Of course I thought about my girls. First I imagined how filthy they would be crawling around in all that campsite dirt and how I would have lost my mind keeping them away from the open campfire. Then I wondered if we would have even been there if they were alive. It seems I can't get through a day without feeling that my life wouldn't be this way if...
I get confused sometimes imagining my babies. All the what ifs are just emotional rabbit trails that only lead to one place...reality. My girls are not here anymore and they never will be again. 7 days with Ellie and 13 days with Aubrey is all the time we got. And after more than a year, I still struggle accepting that.
But the reality does not stop me from picturing them in my mind. I usually see my girls as they would have been if they went full-term. I set their age by what their birth date should have been, not by what it was. And I almost always imagine them healthy.

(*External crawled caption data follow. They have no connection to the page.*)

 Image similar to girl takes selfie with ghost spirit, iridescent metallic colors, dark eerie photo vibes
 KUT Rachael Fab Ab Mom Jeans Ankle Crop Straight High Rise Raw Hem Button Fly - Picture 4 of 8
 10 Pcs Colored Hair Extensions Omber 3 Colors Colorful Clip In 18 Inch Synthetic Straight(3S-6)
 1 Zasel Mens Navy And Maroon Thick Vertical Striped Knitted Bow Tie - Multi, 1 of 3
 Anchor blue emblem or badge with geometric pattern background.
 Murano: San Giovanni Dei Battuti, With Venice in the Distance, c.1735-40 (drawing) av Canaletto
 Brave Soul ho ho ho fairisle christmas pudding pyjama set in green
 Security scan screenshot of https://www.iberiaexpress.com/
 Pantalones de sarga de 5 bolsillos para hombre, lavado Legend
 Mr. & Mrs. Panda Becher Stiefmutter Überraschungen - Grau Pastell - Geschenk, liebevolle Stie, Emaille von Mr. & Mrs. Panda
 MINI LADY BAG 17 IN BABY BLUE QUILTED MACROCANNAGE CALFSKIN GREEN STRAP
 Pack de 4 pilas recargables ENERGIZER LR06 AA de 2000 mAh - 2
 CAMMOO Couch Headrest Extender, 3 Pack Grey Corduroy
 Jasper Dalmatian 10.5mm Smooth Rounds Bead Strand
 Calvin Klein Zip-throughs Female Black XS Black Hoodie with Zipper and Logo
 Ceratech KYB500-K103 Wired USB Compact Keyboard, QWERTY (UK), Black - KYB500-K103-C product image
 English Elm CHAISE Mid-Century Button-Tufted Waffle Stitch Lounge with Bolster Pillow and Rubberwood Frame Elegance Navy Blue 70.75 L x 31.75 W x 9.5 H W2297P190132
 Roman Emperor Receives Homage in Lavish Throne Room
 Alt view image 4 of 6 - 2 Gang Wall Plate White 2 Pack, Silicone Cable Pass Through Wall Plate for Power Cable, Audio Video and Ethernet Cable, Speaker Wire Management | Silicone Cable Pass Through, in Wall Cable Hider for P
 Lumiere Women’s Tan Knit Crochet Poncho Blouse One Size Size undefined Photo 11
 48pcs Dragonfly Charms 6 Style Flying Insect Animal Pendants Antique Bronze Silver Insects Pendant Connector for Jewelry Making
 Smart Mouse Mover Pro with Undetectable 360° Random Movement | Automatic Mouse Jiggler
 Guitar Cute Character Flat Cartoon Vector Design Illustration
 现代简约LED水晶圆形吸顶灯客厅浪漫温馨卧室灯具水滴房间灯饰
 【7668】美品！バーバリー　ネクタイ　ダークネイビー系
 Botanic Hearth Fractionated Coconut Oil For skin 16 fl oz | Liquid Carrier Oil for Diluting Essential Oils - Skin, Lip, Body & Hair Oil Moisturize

Occasionally though I think about if they had survived being born so early. It always ends in tears. It hurts to know that if they had lived they would be very sick little girls. They would not be crawling around in campsite dirt or putting little pebbles in their mouths. Not because we wouldn't be camping, but because my baby girls would have never crawled...or walked...or talked...ever.
My love for my girls is unconditional. I would have loved them, cared for them, and been honored to be their mother in whatever condition they would have been in. They are my babies. But I can't lie and say there is not a part of me that is so relieved that my girls are no longer suffering. It hurts to lose them absolutely. It hurts like nothing I have ever felt. But at least I know they are ok and I don't have to worry about them anymore. I know they are safe now.
As parents we are always talking about turning our children over to the Lord. How they don't really belong to us, they belong to Him. And it is a nice spiritual concept to say to God "my child is yours" while still holding them in our arms. I have done that exact thing with my son. I trust God with his life. His life. But trusting God with my daughters' deaths is not tied up so neatly in a perfect little bow. How easy it is to trust God when we get what we want.
But what happens to our faith when we don't get what we want? When we hand our children over to His hands and He doesn't give them back to us. What then? Where do we stand now?
I can tell you where I stood...on shaky skaky ground. My faith was turned upside down. I didn't lose it, but it had to be completely redefined and re-established. It had to be restored.
Twice within the same week I had to sit with my husband and decided to hand my child back over to God. How I wished I could have instead stood up on the church podium in a sentimental dedication service and given them back as a metaphor and a choice while the congregation sighed at the cuteness of my identical twin little sweeties...but it was not to be so. My husband and I had to walk out our faith in the most tangible way imaginable. For 7 and 13 days we trusted God with our daughters' lives. And then we faced the dreaded moment of trusting Him with their deaths as well.
It was not an easy decision. It was the worst decision I have ever been faced with. And our faith did not remove from us our questions, fears, and profound pain. I could literally feel my chest cave in as the doctors removed life support at our request and handed my babies to me. I held my breath for a miracle. The one I wanted never came.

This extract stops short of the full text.